June meeting of Event Marketing Association (EMA) took place at the gorgeous Four Seasons Hotel London at Park Lane to discuss the topic “Event Technology – Evolution and Adoption”. Corporate event planners from finance, IT and charities took part in this month’s meeting.
After the welcome aperitif, canapés and networking we moved to the seminar room for the main part of the evening. Each table received a topic from Allan Norbury Editor from M&IT and EMA’s media partner for discussion and then had to share their findings with the group. There was one technology expert invited to join each table, these included Clemi Hardie from noodlelive.com, Chetan Shah – founder and CEO of MICEBOOK.com, Anita Howard – Director of Ya-Yaonline.co.uk, and myself from The MICE Blog.
The topics covered were:
Technology spells the end of traditional meetings: The group agreed that NO. Technology can support events but does not replace them. Face-to-face communication is important and people buy people. Elements such as eye contact and tone of voice can’t be replaced by technology and the tone of voice over email can be easily misunderstood.
On the other hand, relationship building is important and technology is an enabler to communicate with more people, more often and for longer.
Is event technology now a pre-requisite and why? The group suggested that event planners have to start with objectives and what they want to achieve. Wi-Fi, for example, must be fast and accessible at venues and event. Secondly, consider engagement vs. withdraw, such as with google glass or voting pads. Google glass might be intimidating while voting pads can encourage learning and increase engagement.
How does event technology benefit your meeting? Organisers shared that tech will benefit meetings when it’s easily accessible, environmentally friendly and accurate, allows audience engagement and helps to track attendees’ preferences.
On the other hand negative aspects include privacy and security breaches (E.g. – when accepting terms and conditions before installing an app), which are especially important for corporates and can’t be compromised.
The participants added that when choosing a tech provider, brand perception is important to make purchase decision, followed by efficiency.
Best practice in social media: Organisers agreed that it’s hard to control social media and good practice of social media will be to use close groups to share knowledge and ideas.

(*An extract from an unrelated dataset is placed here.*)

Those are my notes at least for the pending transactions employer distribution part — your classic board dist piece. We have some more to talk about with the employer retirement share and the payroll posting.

Social media can assist with targeting, and Facebook, for example, offers the opportunity to conduct targeted campaigns, based on gender, location, age etc. It was suggested to start communication offline and transfer online. To conclude, planners can align their aims and objectives with the technology of choice.
Where are the knowledge gaps, challenges and fears? Gaps include Wi-Fi which is not always for free at venues and events, connection speed and social media. The challenges discussed were risk management, the quantity of apps, registration systems and voting systems, how to merge them and have system updates considering the big data volume. Another challenge discussed was finding the time to manage all the accounts, keeping privacy and high technology costs. The biggest fear is not getting the desired ROI considering the time and money invested.

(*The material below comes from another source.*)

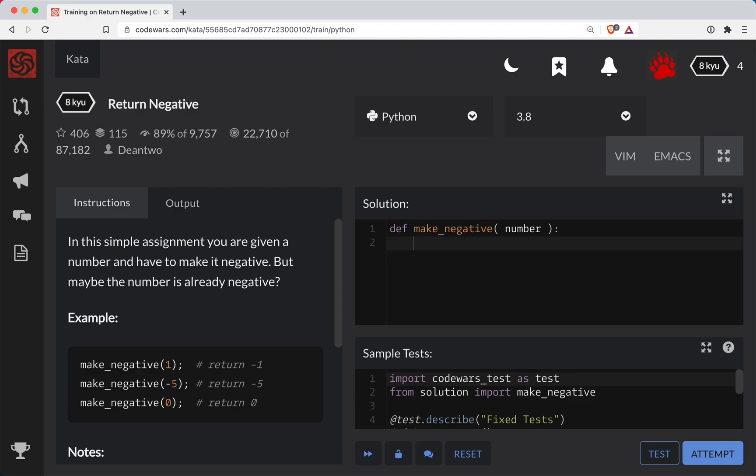What we'll do is a simple conditional statement here. So if the number is less than zero, in other words if it's negative, we leave it alone. So we'll simply return the number without actually making any changes to it whatsoever.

To conclude, questions event planners have to ask: are there too many systems with possible solutions? How about risk management and data security (especially with cloud, e.g. – sales force), what is the place for social media? What is the difference between corporate and personal social media accounts, how much time is required to manage the technology, what are the differences in attitudes towards event tech and lastly what is the price and cost of managing it?

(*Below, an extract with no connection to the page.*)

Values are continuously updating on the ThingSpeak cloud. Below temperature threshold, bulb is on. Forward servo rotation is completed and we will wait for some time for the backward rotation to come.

After the session more time was given to further discussion and for networking as we enjoyed the delicious canapés and hospitality at the Four Seasons Hotel, Park Lane. Hotel representatives joined us for the evening and supported the discussion with their know-how from a venue perspective. They shared how they can support event planners and talked about all the resources available. The impeccable service and food were just a small teaser of the 5-star hospitality they provide.